Description
Oven-Fried Coconut Shrimp with Thai Pineapple Chili Sauce offers a healthier twist on the classic deep-fried dish, featuring crispy shrimp coated in coconut and sesame seeds. Paired with a tangy and sweet Thai pineapple chili sauce, this recipe is perfect for appetizers, main courses, or casual gatherings.
Ingredients
Units
Scale
For the Shrimp:
- 1 lb large shrimp, peeled and deveined
- 1 cup unsweetened shredded coconut
- 1/2 cup Panko breadcrumbs
- 2 tablespoons sesame seeds
- 2 eggs, beaten
- 1/4 cup all-purpose flour
- Salt and pepper, to taste
- 1–2 tablespoons extra virgin olive oil for brushing
For the Thai Pineapple Chili Sauce:
- 1 cup fresh pineapple chunks
- 2 tablespoons sweet chili sauce
- 1 tablespoon lime juice
- Zest of 1 lime
- 1 teaspoon fish sauce (optional)
- 1/2 teaspoon chili flakes (adjust to taste)
Instructions
To Prepare the Shrimp:
- Preheat the oven to 400°F (200°C). Line a baking sheet with parchment paper and lightly grease it.
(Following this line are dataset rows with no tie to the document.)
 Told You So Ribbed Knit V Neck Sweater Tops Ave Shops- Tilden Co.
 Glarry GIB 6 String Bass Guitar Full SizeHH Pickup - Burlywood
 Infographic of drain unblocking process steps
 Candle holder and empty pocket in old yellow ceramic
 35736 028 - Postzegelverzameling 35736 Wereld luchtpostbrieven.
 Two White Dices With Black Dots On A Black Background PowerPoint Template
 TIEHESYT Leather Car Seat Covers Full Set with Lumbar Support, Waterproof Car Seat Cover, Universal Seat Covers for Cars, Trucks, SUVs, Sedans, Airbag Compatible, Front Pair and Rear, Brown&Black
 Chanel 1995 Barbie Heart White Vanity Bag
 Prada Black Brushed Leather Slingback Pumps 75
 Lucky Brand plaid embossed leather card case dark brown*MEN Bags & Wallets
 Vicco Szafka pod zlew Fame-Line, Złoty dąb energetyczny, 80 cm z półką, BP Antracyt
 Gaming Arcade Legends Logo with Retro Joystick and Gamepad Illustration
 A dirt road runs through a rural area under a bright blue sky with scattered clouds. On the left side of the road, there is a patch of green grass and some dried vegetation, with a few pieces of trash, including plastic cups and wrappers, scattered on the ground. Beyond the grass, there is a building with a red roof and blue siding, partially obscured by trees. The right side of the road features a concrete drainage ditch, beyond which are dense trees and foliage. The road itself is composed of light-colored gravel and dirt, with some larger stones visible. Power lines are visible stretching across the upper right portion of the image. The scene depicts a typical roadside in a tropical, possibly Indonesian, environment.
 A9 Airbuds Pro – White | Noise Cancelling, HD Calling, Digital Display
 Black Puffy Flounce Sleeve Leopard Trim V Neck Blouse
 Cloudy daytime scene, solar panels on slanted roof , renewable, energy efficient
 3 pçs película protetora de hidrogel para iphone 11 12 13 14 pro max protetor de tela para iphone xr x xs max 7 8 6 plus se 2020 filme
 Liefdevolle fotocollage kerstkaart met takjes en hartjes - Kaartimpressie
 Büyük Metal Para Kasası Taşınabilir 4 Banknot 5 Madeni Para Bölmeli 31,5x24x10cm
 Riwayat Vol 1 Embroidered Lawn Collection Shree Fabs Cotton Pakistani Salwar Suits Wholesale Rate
- Combine shredded coconut, Panko breadcrumbs, and sesame seeds in a shallow dish.
- In another dish, whisk together flour, salt, and pepper. In a third dish, beat the eggs.
- Dredge each shrimp in the flour mixture, dip it in the beaten egg, and then coat it with the coconut mixture. Press lightly to adhere.
- Arrange the coated shrimp on the prepared baking sheet. Lightly brush or drizzle olive oil over the shrimp.
- Bake for 12-15 minutes or until golden brown and crispy, flipping halfway through for even cooking.
To Make the Thai Pineapple Chili Sauce:
- Blend pineapple chunks, sweet chili sauce, lime juice, and lime zest in a food processor until smooth.
- Transfer to a saucepan and simmer over low heat for 5 minutes. Stir in fish sauce and chili flakes, if using, and adjust seasonings to taste.
- Serve the sauce warm or at room temperature alongside the shrimp.